A nod to nog
What I find rather amusing about the history of eggnog is that in Renaissance Europe, it was a popular holiday tradition and was used to toast to one’s health… at nearly 400 calories per cup, gobs of saturated fat and cholesterol galore. Earlier versions from the 1700’s in upper-class England were laced with sherry, ale and Madeira.
American colonists introduced rum and brandy to the mix. The father of our country, George Washington, was an enthusiastic fan: he laced his with rye whiskey, rum and sherry. All at once. I’ll bet his house was a joyous place to be at Christmastime.

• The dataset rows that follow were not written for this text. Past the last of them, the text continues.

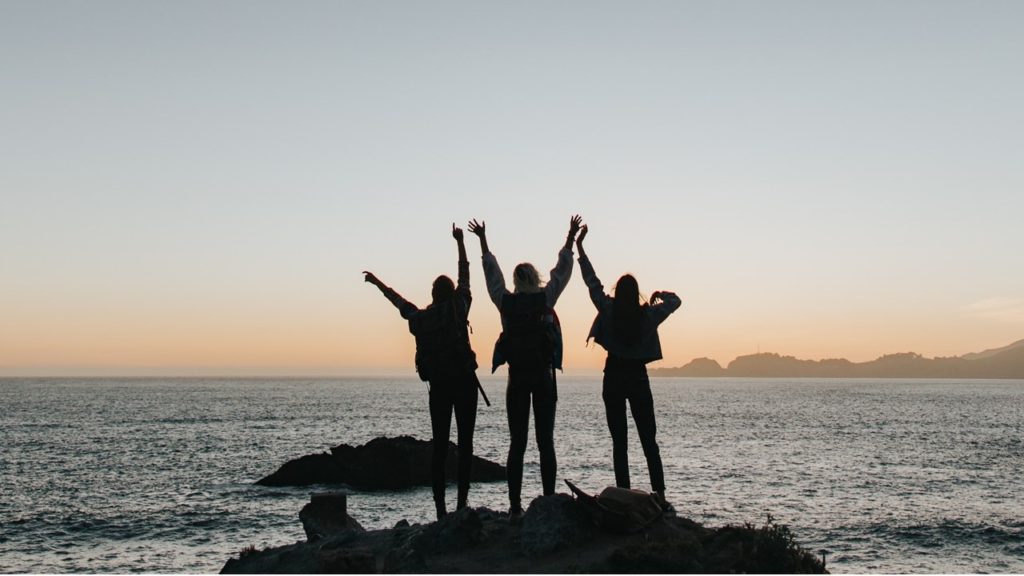 Women holding hands in front of the ocean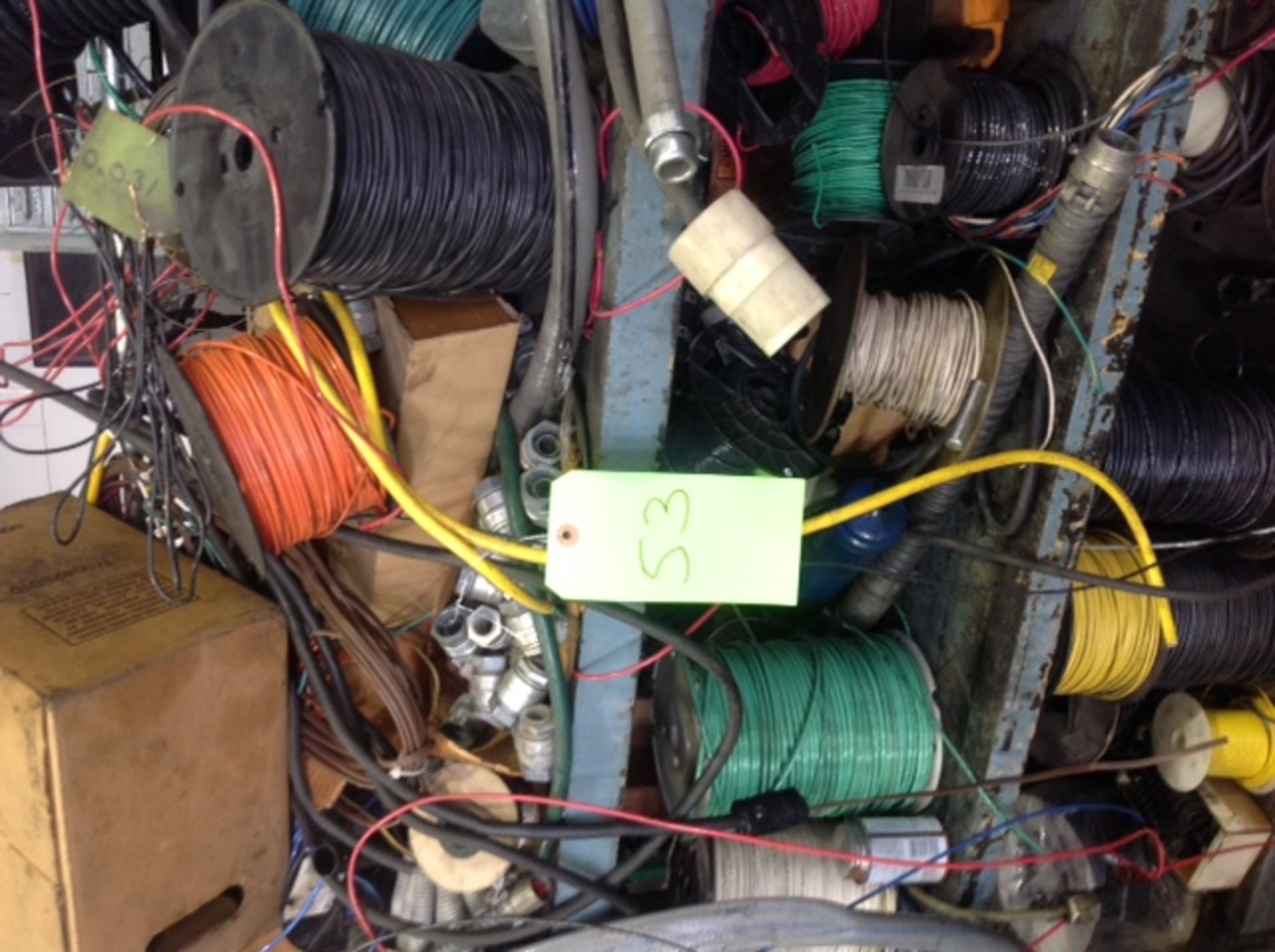 Lot of wire spools on rolling cart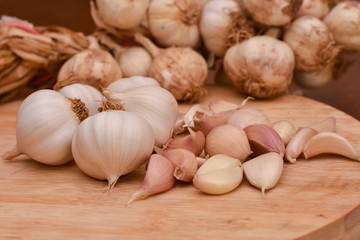 Garlic Cloves and Bulb on wooden cutting board. Garlic on wooden table background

My father loved the tradition – the real thing, laced with bourbon and topped with grated nutmeg (once, my mother came home with some low-fat stuff and he poured it down the drain). The tradition continues in my home, although I’ve played with variations over the years.
Here are a few of my favorites:
- COFFEE NOG: Perfect on Christmas morning. Two parts strong, black coffee; one part eggnog.

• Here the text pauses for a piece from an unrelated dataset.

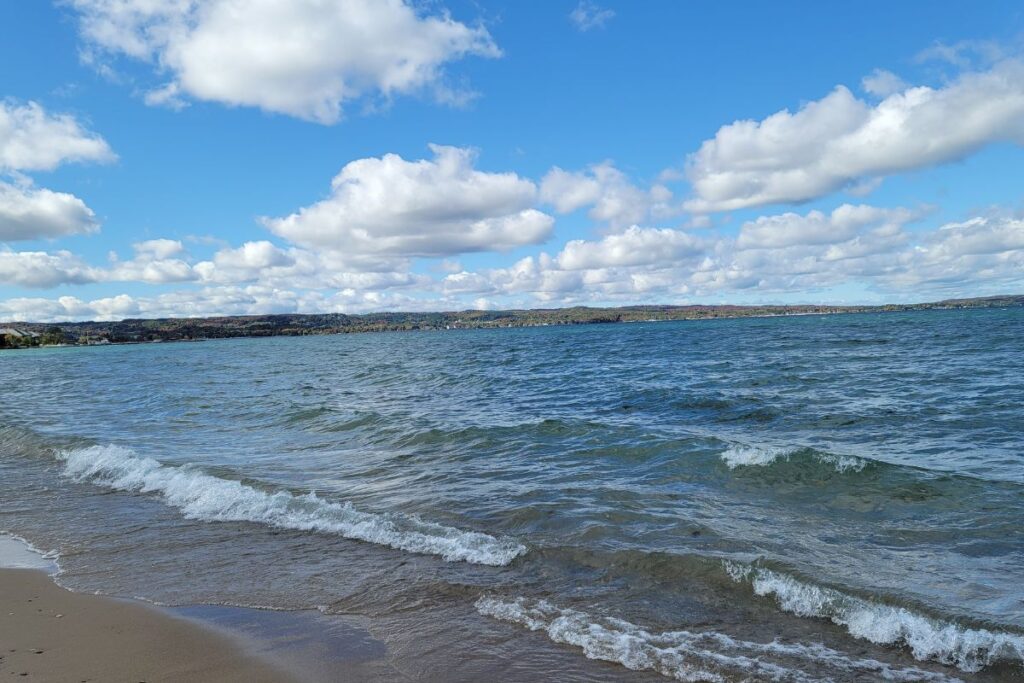 The sandy swimming area at Suttons Bay Municipal Beach on Grand Traverse Bay, showing the calm water and nearby park amenities.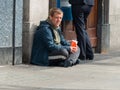 A beggar sits beneath a cash point in O`Connell Street in Dublin Ireland looking for a Euro or two to see him through the day Royalty Free Stock Photo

- RUSSIAN EGGNOG: It’s a White Russian (vodka, Kahlua and cream) with eggnog replacing the cream.
- EGGNOG FRENCH TOAST: Dip bread slices in eggnog dusted with a little cinnamon, and fry in butter. Top with syrup. What the heck, throw in some fatty fried bacon on the side.
- ORANGE EGGNOG PUNCH: Two parts eggnog, one part orange juice and a big splash of ginger ale to give it a little lift.